GIVEN RECORDS
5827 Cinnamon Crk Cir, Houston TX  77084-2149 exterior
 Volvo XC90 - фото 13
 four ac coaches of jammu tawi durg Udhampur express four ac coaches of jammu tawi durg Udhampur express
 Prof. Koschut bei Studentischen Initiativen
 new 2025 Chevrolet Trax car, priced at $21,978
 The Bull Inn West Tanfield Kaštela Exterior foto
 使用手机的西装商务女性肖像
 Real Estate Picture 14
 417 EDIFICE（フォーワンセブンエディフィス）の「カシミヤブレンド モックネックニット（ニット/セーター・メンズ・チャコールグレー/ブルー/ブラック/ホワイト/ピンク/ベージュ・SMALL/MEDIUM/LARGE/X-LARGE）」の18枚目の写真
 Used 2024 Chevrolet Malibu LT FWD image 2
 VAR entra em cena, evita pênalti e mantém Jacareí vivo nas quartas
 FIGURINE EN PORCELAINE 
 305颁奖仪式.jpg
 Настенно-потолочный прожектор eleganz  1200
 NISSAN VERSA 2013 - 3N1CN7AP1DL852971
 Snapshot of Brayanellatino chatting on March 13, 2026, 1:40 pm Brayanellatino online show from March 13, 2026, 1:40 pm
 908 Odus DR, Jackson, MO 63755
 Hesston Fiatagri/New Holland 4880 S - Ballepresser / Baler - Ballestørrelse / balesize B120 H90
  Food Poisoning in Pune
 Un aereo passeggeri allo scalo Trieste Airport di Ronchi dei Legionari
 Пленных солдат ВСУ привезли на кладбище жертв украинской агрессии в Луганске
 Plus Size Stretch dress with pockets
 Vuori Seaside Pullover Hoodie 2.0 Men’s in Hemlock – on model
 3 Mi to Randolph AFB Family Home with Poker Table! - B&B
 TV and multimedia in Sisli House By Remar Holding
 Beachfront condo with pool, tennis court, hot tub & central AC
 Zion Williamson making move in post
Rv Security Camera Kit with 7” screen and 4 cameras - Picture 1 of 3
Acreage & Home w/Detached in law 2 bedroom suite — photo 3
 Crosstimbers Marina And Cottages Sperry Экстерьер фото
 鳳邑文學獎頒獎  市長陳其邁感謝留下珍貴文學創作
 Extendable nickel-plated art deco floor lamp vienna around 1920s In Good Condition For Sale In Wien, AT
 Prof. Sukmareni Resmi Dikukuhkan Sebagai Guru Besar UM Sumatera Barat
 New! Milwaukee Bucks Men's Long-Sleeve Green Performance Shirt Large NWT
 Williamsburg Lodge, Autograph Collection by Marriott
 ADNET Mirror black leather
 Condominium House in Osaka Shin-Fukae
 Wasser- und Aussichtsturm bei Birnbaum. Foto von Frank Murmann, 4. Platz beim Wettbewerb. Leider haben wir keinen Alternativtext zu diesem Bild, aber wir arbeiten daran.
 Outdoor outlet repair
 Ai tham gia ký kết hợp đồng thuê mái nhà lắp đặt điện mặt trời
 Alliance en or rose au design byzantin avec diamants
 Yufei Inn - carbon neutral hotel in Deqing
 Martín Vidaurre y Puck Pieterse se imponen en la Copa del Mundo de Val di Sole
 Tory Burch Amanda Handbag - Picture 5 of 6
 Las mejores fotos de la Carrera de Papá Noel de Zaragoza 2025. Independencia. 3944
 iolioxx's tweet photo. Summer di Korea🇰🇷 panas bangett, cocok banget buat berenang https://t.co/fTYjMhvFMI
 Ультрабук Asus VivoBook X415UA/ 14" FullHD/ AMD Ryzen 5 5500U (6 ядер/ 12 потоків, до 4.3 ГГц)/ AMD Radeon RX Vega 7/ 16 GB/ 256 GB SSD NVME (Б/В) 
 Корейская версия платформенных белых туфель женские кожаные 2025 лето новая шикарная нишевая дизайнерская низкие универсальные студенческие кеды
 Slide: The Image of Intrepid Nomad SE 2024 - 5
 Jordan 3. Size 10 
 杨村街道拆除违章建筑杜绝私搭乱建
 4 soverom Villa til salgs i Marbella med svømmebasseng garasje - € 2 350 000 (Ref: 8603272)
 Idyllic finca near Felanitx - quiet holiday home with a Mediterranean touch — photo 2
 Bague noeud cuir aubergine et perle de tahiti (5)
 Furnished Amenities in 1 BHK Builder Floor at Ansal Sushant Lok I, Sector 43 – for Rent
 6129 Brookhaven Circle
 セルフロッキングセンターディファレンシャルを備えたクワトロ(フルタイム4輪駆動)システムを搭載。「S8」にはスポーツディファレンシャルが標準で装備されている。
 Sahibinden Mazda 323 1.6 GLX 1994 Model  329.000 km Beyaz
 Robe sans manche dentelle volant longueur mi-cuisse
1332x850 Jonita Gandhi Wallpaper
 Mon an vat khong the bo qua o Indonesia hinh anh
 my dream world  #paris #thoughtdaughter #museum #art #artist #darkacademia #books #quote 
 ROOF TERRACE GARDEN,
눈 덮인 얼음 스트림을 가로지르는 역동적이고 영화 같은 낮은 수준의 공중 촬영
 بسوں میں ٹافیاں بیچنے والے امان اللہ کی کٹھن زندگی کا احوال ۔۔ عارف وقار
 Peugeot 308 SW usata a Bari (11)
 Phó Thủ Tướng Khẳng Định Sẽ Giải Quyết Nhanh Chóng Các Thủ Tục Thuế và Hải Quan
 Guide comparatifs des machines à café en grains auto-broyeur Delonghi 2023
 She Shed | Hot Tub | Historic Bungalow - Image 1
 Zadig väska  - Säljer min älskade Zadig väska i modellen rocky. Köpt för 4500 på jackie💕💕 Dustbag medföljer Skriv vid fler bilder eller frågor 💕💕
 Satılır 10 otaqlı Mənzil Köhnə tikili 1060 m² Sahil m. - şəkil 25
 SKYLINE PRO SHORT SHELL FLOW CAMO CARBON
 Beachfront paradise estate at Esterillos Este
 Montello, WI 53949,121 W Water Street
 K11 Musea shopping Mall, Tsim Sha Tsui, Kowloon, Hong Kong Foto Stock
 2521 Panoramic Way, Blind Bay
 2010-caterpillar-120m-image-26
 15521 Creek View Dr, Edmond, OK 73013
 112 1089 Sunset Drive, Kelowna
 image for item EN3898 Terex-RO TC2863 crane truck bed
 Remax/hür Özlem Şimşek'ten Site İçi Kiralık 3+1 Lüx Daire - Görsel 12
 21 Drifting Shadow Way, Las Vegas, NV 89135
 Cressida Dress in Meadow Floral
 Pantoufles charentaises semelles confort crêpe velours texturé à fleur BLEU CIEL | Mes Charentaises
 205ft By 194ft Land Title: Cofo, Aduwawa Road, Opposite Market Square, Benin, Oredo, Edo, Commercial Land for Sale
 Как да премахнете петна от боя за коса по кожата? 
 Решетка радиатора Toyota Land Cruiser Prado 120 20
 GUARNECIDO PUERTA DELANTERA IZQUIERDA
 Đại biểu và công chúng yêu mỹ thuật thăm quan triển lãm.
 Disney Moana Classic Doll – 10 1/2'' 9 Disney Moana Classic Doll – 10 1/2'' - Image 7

EXERCISE
Return the span of lines in the data above that opens at the line with "image for item" and closes at the line with "Pantoufles charentaises semelles", exactly, ends included, nothing else.

PROBLEM SOLUTION
 image for item EN3898 Terex-RO TC2863 crane truck bed
 Remax/hür Özlem Şimşek'ten Site İçi Kiralık 3+1 Lüx Daire - Görsel 12
 21 Drifting Shadow Way, Las Vegas, NV 89135
 Cressida Dress in Meadow Floral
 Pantoufles charentaises semelles confort crêpe velours texturé à fleur BLEU CIEL | Mes Charentaises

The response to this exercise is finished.